At it’s core OLR is about comparing the rate at which a pitcher throws a pitch in it’s optimal location (Four-seam fastballs up, sinkers, breaking balls and offspeed pitches down) inside the strikezone and the total rate at which they throw the pitch in that optimal location as a whole. We’ll dive into the specifics of each pitch in the coming weeks but overall every pitch showed a strong connection between this ratio and pitch success. To define a few variables for notation purposes before we get started:
IZ% – % of the pitch that is thrown in the zone in it’s optimal location according to Statcast
OUT% – % of the pitch that is thrown out of the zone in it’s optimal location according to Statcast
TOTAL% – IZ% + OUT%
and the formula for Optimal Location Ratio is:
OLR – (IZ% / TOTAL%)/100
Since the ratio is calculated by dividing a portion by the whole, all OLR ratings are between 0 and 1 regardless of pitch type. The point of this is two fold. The first part is that if all the ratios are kept on the same scale they retain some semblance of normalization which makes it easier to compare across pitches and hopefully some day create an overall ratio for a pitcher’s entire pitch mix. The second reason has to do with IZ%. While there was some difference from pitch to pitch regarding what OUT% was most common amongst successful pitchers there was a consistent theme that showed up across every single pitch. There was a huge separation between the IZ% of pitchers with positive pVAL pitches and the negative pitches. This told me that in the construction of OLR’s structure I wanted to give more weight to IZ%. Since it is IZ%/TOTAL%, the higher the ratio is the greater percentage of their total pitches in that optimal area for that pitch that is made up of pitches in the zone. This allows you to draw two conclusions immediately from the ratio. Do they throw a high percentage of that pitch in the zone in it’s optimal location? AND Does IZ% make up a large chunk of the total pitches they throw in the optimal location for that pitch? That gives us more information to draw conclusions from than just IZ% on it’s own. It is important to note that OLR is not a catch all statistic for determining pitch success. You can’t look just at OLR and say “This is why that pitch is successful or not.” but as you will see throughout the pieces that follow this primer, we will see just how strong the connection is between OLR and pitch success and how it affects that pitch’s chance of success. It can help be a major piece of the puzzle of determining why a pitch is experiencing success (or not), lay out a path for pitch improvement, AND help predict/evaluate potential breakouts. It can tell us whether a pitch’s success is likely to continue or if it’s the result of noise and randomness. There is so much potential for how OLR can help us evaluate pitchers, hitters, catchers and really every aspect of the game of baseball.

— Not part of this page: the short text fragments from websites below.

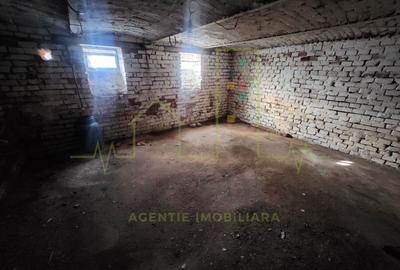 Casă individuală cu 4 camere cu Canalizare în Complex Studențesc - 11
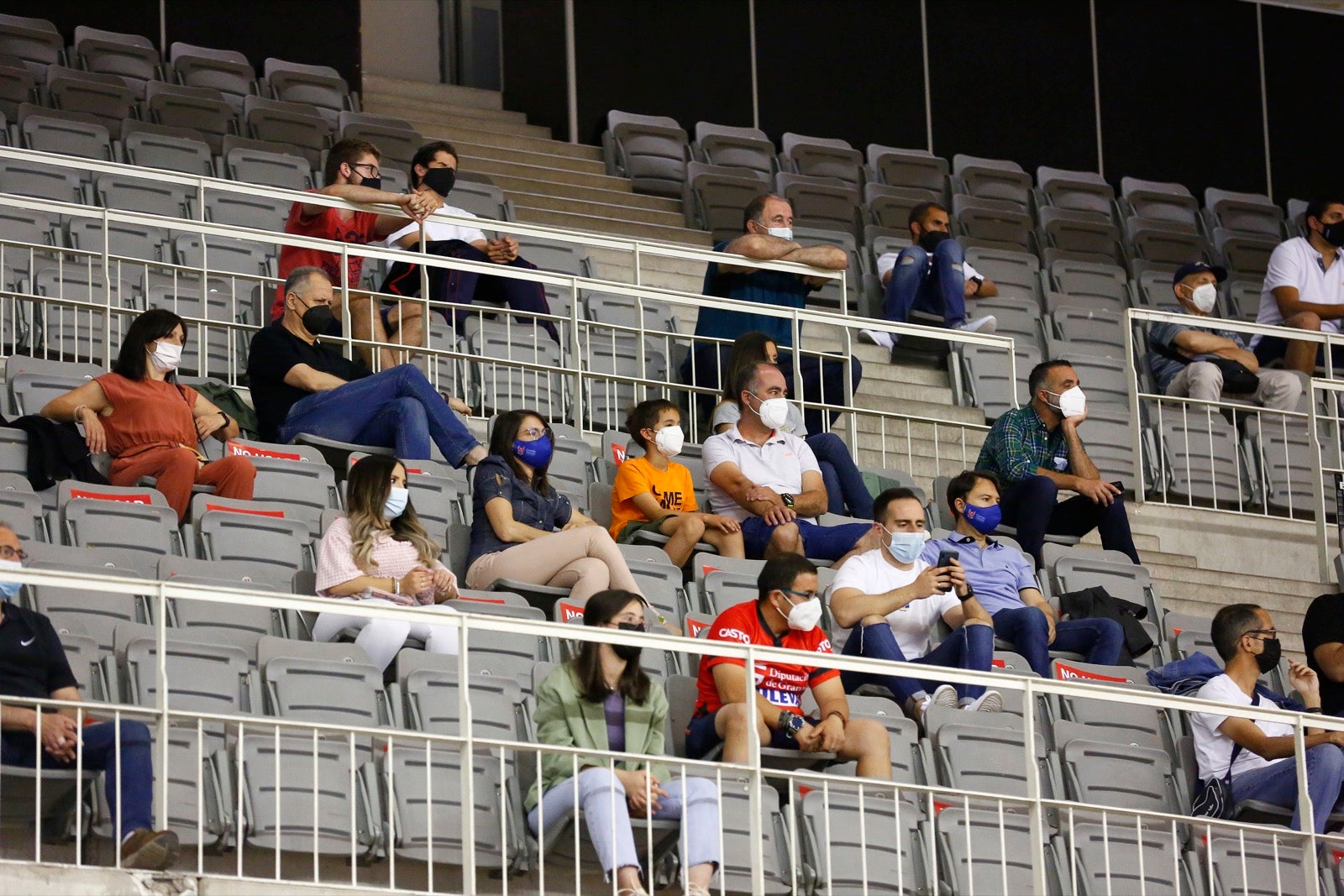 Fotos: Búscate en la grada del Palacio de los Deportes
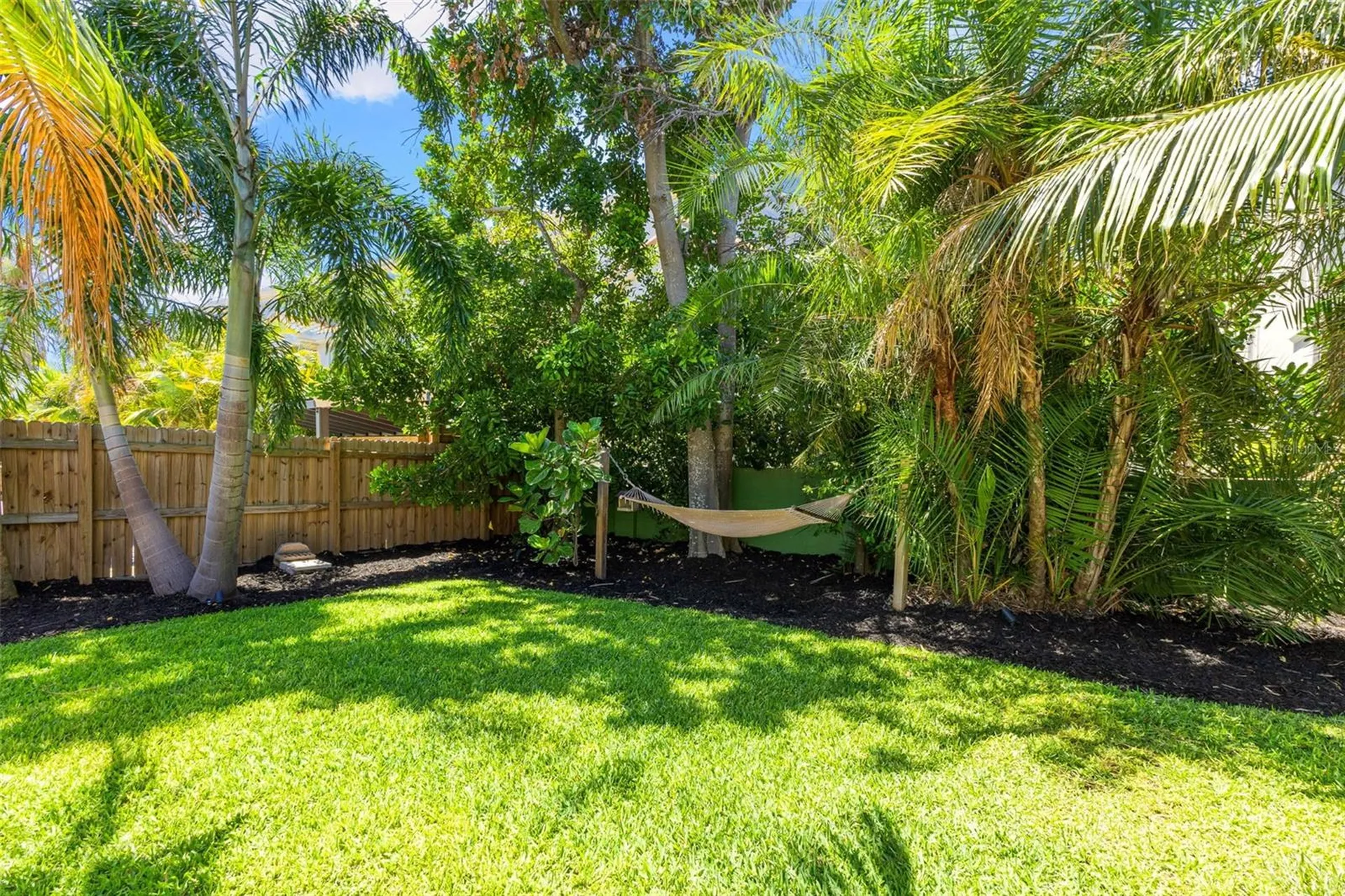 4618 Bayshore Boulevard NE St Petersburg FL 33703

To test OLR I placed pitcher pVAL (from Fangraphs) and Statcast pitch location data along with OLR and it’s components through a series of statistical tests and models with the goal of determining if there is a connection between OLR and pitch success and to attempt to determine what the effects of that connection are.
I used Box Plots to simply determine if there was a notable distinction in the data between pitchers who had a positive pVAL in that year for that pitch and the negative ones. You’ve already seen for instance the box plots for IZ% across all the pitches we examined and it’s pretty clear how they can show differences or what are often referred to as trends in the data, for instance we could say that positive pVAL pitches tend to have a higher IZ% than negative ones. The box itself represent the inner 50% of the data in each category, essentially all the data between the 25th and 75th percentile. The whiskers extend across an additional 15% to cover 90% of the data and then the outside dots represent the outliers. As an example here is the box plot for Optimal Location Ratios for positive and negative pVAL sinkers:
For each pitch, in their respective articles, we’ll show each box plot and how they demonstrate that they two categories are trending apart.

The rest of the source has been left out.